New Bitcoin Core Version 0.11.0 Released announced that the new bitcoin core version 0.11.0 is already ready for downloading. Users may also opt to upgrade the previous 0.10.0 version to access new features and implement bug fixes.

To upgrade, users simply need to shut down the older version then run the installer, which is compatible for both Windows and Mac. Downgrading to older versions are still possible but there might be compatibility issues with versions earlier than 0.10.0 because of the headers-first synchronization and parallel block download features.

Bitcoin Core Version Changes

In particular, downgrading to a pre-0.10.0 version of the software can result to blocks being stored on disk out of order and incompatibility with other tools or programs. Reindexing using earlier versions will also not work anymore as a result of this. Aside from that, the block index database will now hold headers for which no block is stored on disk, which earlier versions won’t support.

Some important information about the latest release also covers transaction flooding, block file pruning, big endian support, memory usage optimization, fee estimation changes, and privacy updates. To be specific, the bitcoin core version 0.11.0 release supports running a fully validating node without maintaining a copy of the raw block and undo data on disk.

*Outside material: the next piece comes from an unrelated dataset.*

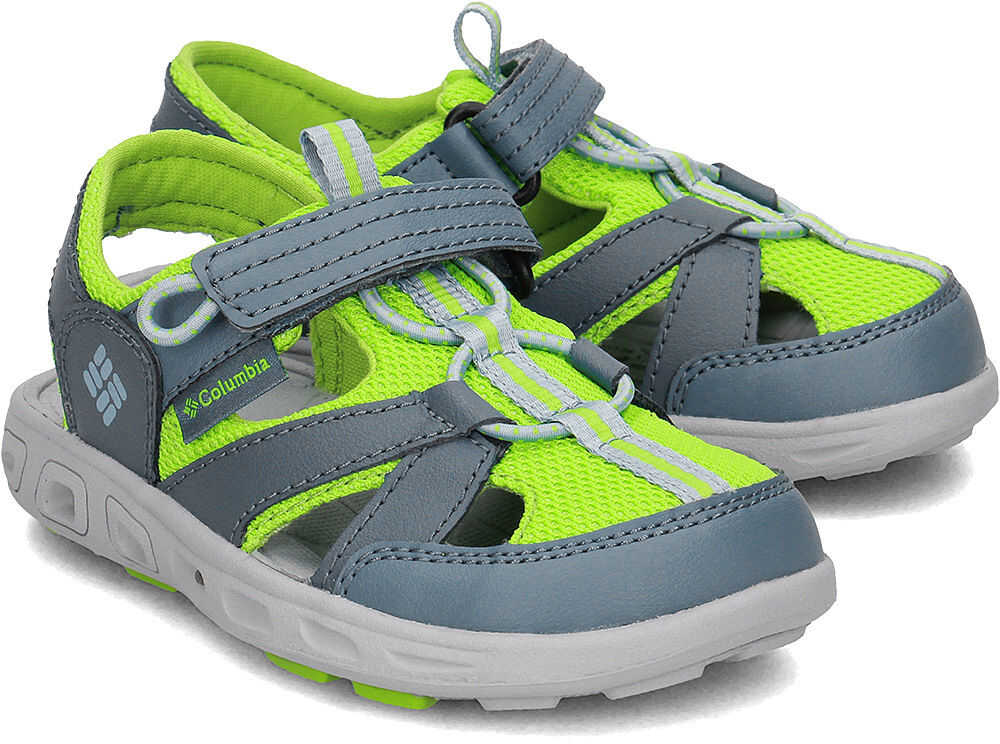 Sandala Columbia Techsun Wave Zielony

A previous issue regarding the increased volume of transactions has severely affected the transaction verification time in the bitcoin network, and the new bitcoin core version attempts to address this. According to the blog post, if this growth of the mempool causes problematic memory use on the node, it is possible to change a few configuration options to work around this.

One is to increase the minimum transaction relay fee minrelaytxfee, which defaults to 0.00001. This will cause transactions with fewer BTC/kB fee to be rejected, and thus fewer transactions entering the mempool.

The other is to restrict the relaying of free transactions with limitfreerelay. This option sets the number of kB/minute at which free transactions (with enough priority) will be accepted. It defaults to 15. Reducing this number reduces the speed at which the mempool can grow due to free transactions.